Question: What direction are the Suns heading? Should they go all in this year for another title run or should they cash in on Nash while he still has value?

Definitely have to go all in one more time. There is no sense in attempting to “rebuild” at this stage. Shaq is likely completely untradeable. The Suns will not trade Nash. It is unlikely the Suns would deal Amare (I’m just not sure who they would deal him for that would fit with Nash and Shaq and approximates equal value). So, as long as you have to pay three max-contract guys for multiple years, your only choice is to try and contend. Also, Diaw is awful, and nobody will trade for that guy. You can try, but it’s not going to happen.

The Suns did a pretty good job of addressing their needs this offseason. They needed: (a) a versatile, atheltic defender who can guard rangy 4s (like Dirk or Bos) and wings (like Kobe or McGrady); (b) a reserve point guard for Nash, someone who can fit into the system and is young enough to groom behind Nash, but competant enough to start playing minutes now; (c) a mobile big who can defend the pick and roll and crash the boards. Through free agency and the draft, they picked up Barnes (the wing defender), Dragic (the backup point guard), and Lopez (the energy big). Add in an offseason to integrate Shaq, and the team could be markedly better next year.

I think a lot of the problem last year can be attributed to cohesion – just not having played together and integrating a drastically different piece to the system (it’s not like the Suns traded Marion for Nocioni and Noah, or for Granger and Jeff Foster – those would have been easy pieces to integrate). Shaq can’t score on pick and rolls, so he has to get the ball in the post to be effective, and the Suns just aren’t used to that. So this has led to turnovers, which leads to increased scoring from opponents. This year, I’d expect the team to be on the same page and the pieces to fit together more efficiently.

Question: How do you feel about Porter as the coach?

It’s as good as can be expected. He’s got a good reputation among veteran players, so I think both Shaq and Nash will respond well to him (though I worry that Shaq will resent him for not being Shaw). He played on some great Portland teams (those teams are right up there with the Stockton/Malone Jazz and the Barkley Suns of great, non-title winning teams). He’s coached under Adelman and Flip Saunders, so he’s had some great apprentice opportunities on good teams with great offensive minds, and he’s played for Popovich. Plus, he was a decent head coach for a mediocre Bucks team. I don’t think he’s as good D’Antoni, but he’s as good as we can get under the circumstances.

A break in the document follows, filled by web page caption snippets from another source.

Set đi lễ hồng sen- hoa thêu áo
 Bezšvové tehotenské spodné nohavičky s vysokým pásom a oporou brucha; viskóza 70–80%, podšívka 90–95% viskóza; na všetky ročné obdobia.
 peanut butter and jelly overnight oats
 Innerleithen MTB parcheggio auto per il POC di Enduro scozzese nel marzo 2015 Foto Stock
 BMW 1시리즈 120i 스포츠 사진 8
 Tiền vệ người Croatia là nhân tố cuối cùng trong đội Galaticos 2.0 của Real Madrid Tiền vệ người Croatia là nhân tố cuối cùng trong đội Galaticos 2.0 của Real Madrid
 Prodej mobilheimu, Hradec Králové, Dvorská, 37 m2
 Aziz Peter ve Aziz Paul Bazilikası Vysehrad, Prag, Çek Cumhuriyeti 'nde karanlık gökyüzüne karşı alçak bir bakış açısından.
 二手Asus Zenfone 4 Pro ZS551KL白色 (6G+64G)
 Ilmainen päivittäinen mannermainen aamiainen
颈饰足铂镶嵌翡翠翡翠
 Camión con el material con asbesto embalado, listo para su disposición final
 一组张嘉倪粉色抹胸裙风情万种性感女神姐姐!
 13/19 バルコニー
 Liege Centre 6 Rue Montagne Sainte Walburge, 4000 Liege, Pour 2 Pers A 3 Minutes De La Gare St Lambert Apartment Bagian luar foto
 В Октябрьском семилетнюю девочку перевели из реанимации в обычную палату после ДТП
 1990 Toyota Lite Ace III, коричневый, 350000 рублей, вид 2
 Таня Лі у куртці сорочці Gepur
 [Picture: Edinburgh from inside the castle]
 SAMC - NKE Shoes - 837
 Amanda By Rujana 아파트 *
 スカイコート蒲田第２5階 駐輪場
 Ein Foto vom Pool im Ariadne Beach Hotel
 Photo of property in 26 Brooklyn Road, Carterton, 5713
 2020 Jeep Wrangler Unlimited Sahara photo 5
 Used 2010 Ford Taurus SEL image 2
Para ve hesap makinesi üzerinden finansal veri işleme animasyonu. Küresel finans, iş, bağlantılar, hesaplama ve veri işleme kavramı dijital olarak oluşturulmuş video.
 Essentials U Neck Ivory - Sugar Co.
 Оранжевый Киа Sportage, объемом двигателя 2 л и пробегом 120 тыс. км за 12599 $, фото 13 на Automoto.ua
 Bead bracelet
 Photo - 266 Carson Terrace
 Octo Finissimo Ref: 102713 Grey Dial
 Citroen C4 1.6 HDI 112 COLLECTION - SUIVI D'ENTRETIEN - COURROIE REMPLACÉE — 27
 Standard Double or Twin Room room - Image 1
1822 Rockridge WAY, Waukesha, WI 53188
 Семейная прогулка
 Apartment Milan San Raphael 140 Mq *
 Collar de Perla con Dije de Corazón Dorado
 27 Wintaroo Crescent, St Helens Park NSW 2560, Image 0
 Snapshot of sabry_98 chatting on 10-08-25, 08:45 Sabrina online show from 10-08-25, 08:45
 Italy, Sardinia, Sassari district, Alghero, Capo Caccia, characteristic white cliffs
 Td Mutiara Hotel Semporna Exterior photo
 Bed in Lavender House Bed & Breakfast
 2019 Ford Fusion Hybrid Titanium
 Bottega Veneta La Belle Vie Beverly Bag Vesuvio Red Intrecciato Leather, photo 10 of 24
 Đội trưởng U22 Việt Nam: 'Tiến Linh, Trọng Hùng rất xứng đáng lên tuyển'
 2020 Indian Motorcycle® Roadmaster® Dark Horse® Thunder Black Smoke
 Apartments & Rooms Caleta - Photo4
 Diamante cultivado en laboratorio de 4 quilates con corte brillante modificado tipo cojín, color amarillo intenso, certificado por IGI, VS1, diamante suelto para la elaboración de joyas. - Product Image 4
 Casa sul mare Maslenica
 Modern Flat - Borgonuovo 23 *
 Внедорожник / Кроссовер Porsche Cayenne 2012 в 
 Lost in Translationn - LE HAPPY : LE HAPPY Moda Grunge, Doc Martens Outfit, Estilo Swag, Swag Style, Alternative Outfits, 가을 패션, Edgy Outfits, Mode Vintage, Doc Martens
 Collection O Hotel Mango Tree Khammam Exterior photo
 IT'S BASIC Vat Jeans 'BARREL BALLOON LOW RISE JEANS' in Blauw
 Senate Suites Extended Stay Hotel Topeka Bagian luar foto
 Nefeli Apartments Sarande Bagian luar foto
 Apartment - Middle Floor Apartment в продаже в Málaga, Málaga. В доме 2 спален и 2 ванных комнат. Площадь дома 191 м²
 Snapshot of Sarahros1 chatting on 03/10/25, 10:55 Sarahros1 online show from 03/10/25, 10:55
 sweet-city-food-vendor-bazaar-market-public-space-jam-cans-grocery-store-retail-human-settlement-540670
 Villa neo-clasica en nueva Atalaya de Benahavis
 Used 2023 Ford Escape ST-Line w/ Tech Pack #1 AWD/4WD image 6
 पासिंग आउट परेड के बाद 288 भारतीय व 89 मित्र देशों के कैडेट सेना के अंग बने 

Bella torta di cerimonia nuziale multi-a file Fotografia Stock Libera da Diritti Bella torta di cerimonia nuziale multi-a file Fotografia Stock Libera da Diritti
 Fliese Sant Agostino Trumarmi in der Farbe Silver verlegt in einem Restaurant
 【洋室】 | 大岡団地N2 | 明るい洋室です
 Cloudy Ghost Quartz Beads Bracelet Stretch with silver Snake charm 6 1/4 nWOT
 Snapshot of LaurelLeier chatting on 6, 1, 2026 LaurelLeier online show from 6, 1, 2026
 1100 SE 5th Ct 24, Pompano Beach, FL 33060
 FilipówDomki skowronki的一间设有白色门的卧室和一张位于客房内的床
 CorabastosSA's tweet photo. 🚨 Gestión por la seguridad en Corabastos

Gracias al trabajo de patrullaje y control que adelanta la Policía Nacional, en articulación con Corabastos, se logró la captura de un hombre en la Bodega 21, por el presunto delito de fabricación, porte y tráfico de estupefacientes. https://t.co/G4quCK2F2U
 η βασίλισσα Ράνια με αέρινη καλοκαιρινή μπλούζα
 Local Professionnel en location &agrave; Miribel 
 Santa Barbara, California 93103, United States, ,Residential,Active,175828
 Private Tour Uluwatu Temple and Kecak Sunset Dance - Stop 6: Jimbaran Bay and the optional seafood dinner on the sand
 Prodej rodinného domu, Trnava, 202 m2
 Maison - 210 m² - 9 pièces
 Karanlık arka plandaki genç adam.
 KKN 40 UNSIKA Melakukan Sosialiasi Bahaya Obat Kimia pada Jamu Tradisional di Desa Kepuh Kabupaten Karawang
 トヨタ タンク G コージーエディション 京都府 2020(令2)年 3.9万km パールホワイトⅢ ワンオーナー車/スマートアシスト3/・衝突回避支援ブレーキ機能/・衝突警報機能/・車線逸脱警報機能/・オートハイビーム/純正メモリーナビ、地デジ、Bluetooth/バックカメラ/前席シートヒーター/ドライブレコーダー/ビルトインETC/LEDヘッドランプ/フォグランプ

Question: How will Dragic fit in?

Dragic has actually been on NBA radar screens for a couple of years, so I’ve seen more of him that most other Euro prospects. He reminds me of Keyon Dooling – very athletic, an excellent defender, great size for his positions, but a questionable decision-maker, a technically-sound but inconsistent shooter, and (unlike Dooling) frail physically. I understand the Suns’ attraction – he’s an almost ideal backcourt mate for Barbosa, because of his size and defense, and ability to be effective without taking a lot of shots, and he’s a nice understudy for Nash (international guy, humble kid, team-oriented). But he clearly does not have Nash’s vision or shooting ability. I feel a little about Dragic the way I feel about Lopez – the right idea (i.e., exactly the kind of player we need), but I’m not sure that the player we picked is good enough. In Lopez – we clearly need an athletic, defensive-minded front-court partner for Amare in the future (and to spell Shaq and defend the pick-and-roll now), and Lopez is that exact kind of player. But he had a less-than-stellar collegiate career – the numbers say he won’t be that good. Same with Dragic – ideal type of player, great fit, but his numbers in small European leagues say that he either isn’t that good, or isn’t ready to assume a big role (and being Nash’s backup next year is a big role). Maybe getting Lopez out of his Brook’s shadow (he played much better when Brook was suspended last year), and getting him working with Cartwright/Shaq/Amare will help him accelerate his development, and getting Dragic into some top flight competition (obviously Tau Ceramica, one of the top Euro teams, agreed with the Suns that he’s ready for prime time), and putting him with Porter and Nash will help him develop. I’m cautiously optimistic.

Question: Tell me about how the Suns approach scouting for the draft. Are they refocusing their energies on the draft after selling all those picks?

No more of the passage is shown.